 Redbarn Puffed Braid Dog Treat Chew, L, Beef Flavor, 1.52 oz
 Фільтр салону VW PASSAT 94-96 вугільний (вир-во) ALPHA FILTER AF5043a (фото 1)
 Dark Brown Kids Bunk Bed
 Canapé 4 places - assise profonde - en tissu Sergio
_ _ _ _
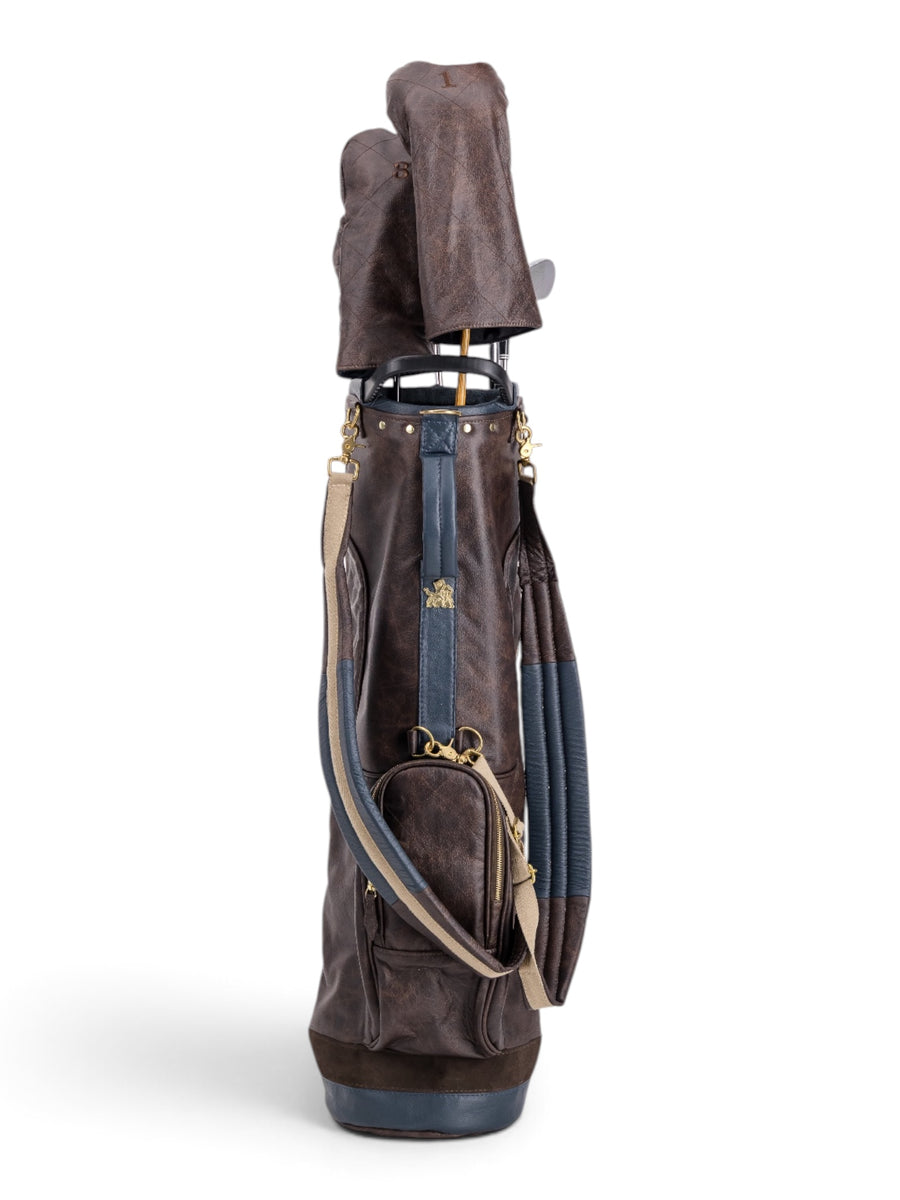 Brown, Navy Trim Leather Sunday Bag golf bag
_ _ _ _
Work required: Scan the lines above for "Dark Brown Kids Bunk Bed" and for "Canapé 4 places". Repeat exactly the line holding each of them and every line in between.

Solution for this exercise:
 Dark Brown Kids Bunk Bed
 Canapé 4 places - assise profonde - en tissu Sergio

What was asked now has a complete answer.